As my eyes wandered around (which was pretty often seeing's how it was obvious Mr. Stinky's team would not be mounting any comeback campaigns of the year), I caught sight of a random guy checking me out. Flattery fluttered about until I turned to look behind me and spotted two very pink and blonde baby Britneys with heaving cleavages and bosoms practically laid out on platters o' silver. Seriously, their chests were prepared for those shots of alcoholic beverages everyone does at rowdy drinking parties.
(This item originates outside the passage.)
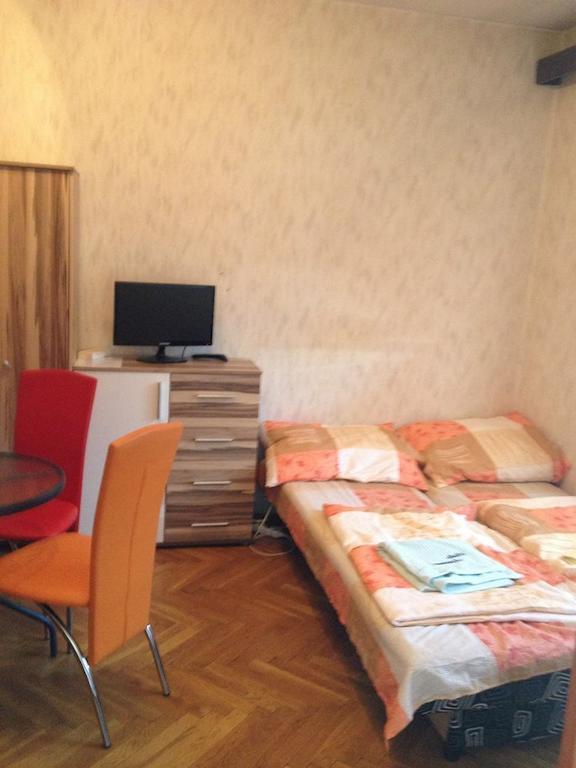 Attila Apartman Hotel Siófok Eksteriør billede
Yah, there really isn't a point to this story other than how perfectly round and pushed out those boobies were. It makes me worry what I'm going to do when Bug Bug hits puberty and wants to leave the house dressed in strands of spider webs and little else because that's what the trend is and no it's not cold and I don't need a jacket and mooooom, if I don't wear this all the other kids will think I'm uncool. My parents didn't have to worry about me in that respect, I was pretty butch until I hit my 20s and friends were surprised to discover there were boobs underneath all the layers when I finally came out wearing just a tank top.

What is that saying about having kids? "When you have a boy there's only one dick, when you have a girl you gotta worry about all the other dicks." Shit.

April 22, 2009

Meaningless Musing

It's interesting that all the players the Maple Leafs got rid of are now on teams in the playoffs. Or, they were as of yesterday. I don't think any of them ended up in St. Louis...

Anyway, so better to get booted than stay in Toronto huh? Not like the Leafs are going anywhere even though every year we predict the return of Lord Stanley's cup to this Original Six. Just my thought of the day.

I'm starving.

April 21, 2009

Maternity Tax

When I went on maternity leave we thought it was going to be great in terms of finances. Not only would I be saving on transportation, shopping, eating out and general spending but I'd still be getting paid, even if on a reduced scale. Everyone around me said the same thing as well. What a great thing to be on maternity leave; a year off from "work", a year to spend with my baby and a year to enjoy saving money.

No, kids are not cheap at all but if you're a smart shopper and stock up on the basics like clothes, food and diapers ($9.97/Pamper megapak, reg. $17.99) (!!) when they go on sale plus clip coupons, then the potential to save a ton of money is there for the taking.

Imagine my shock and horror when tax time rolls along and the government wants like, all that money back and scrapes it violently from my colon walls without the courtesy of using any lube to make the pain easier to bear. This is my warning to all new and expecting parents: the government doesn't care about you staying at home to raise a family. They'll let you keep the baby but your money belongs to them.

April 16, 2009

Happy Welcoming Back to the Prodigal Me

I'm back, sort of.

I think.

We'll see.

I sort of feel like writing again but I wasn't sure if I wanted to continue this page or start another, make a fresh start. For now I think I'll stay here and see how I like it.

Wow, I didn't say anything of value at all. Guess I am back.